I am not sure why you changed this call. fold_build2 is a more
efficient call than size_binop. size_binop makes several checks that
will fail in this case, and then calls fold_build2_loc, right? Not a big deal but seems like changing it back would be better. Perhaps
I'm missing something (as usual ;).

Thanks,
Bill

Thanks for reviewing, I will correct all stupid spelling problem in the next version of patch.

> I'm not very sure here since I didn't check MULT_CAND in the patch. Could you please explain more about this?

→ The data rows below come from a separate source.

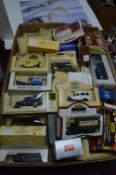 Box of Days Gone and Other Diecast Model Cars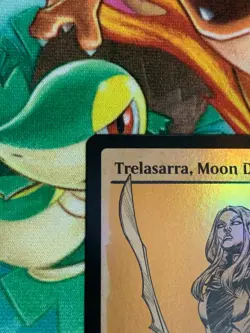 C774 MAGIC GATHERING FORGOTTEN REALMS FOIL TRELASARRA MOON DANCER SHOWCAS NM MTG - Image 3
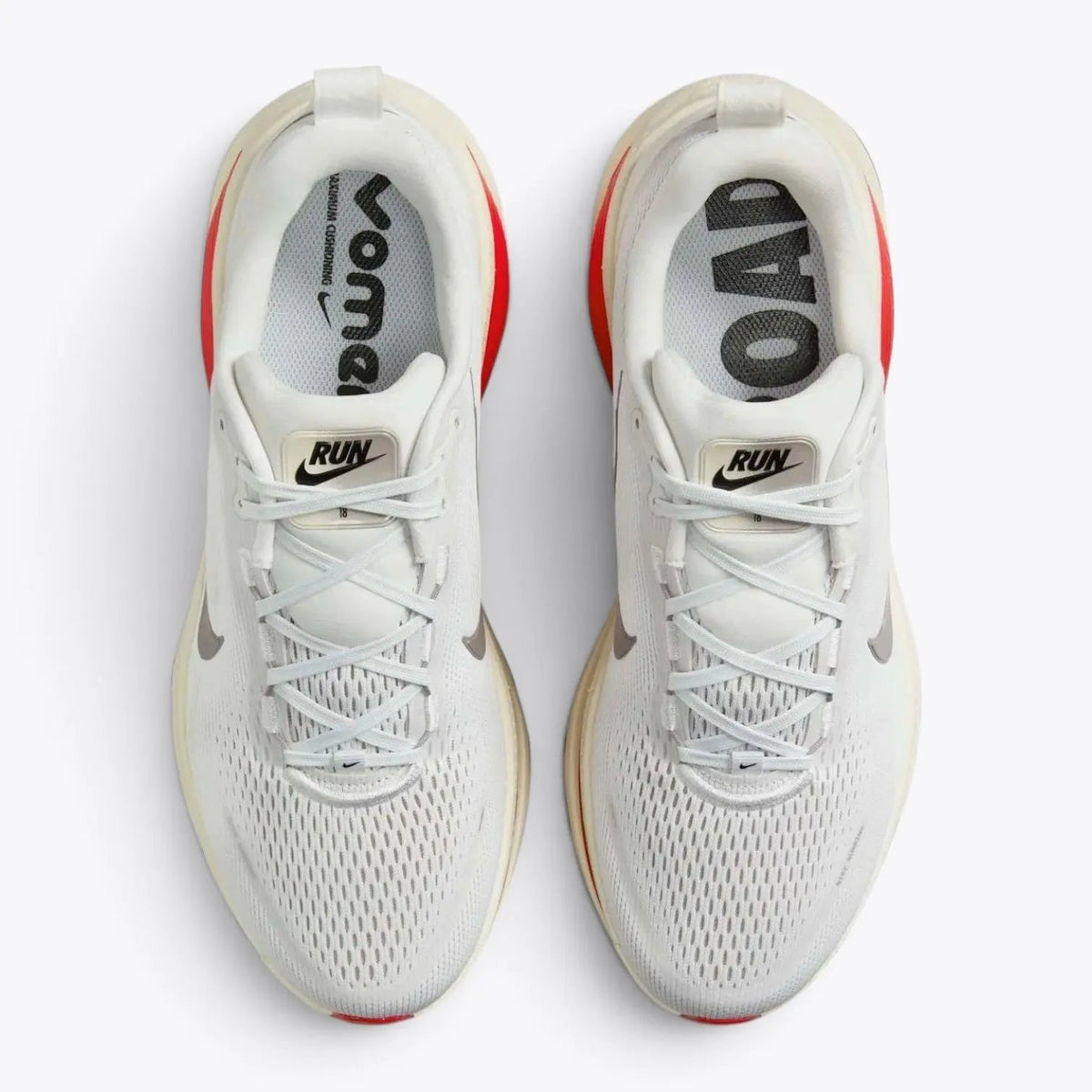 Nike Vomero 18 – Platinum Tint / Siren Red | Max Cushion Daily Trainer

> I rely on size_binop to convert T2 into sizetype, because T2' may be in other kind of type. Otherwise there will be ssa_verify error later.

Thanks.
bin

On Mon, 2013-09-09 at 14:25 +0800, bin.cheng wrote:
> Thanks for reviewing, I will correct all stupid spelling problem in the next version of patch.

Sorry, perhaps I shouldn't have mentioned it. I was simply stating
that, although a candidate representing B + i could be represented with
a CAND_MULT as shown, there is no need for you to check it (as you
don't) since there will also be a corresponding CAND_ADD in one of the
other forms. Since you are walking the next_interp chain, this works.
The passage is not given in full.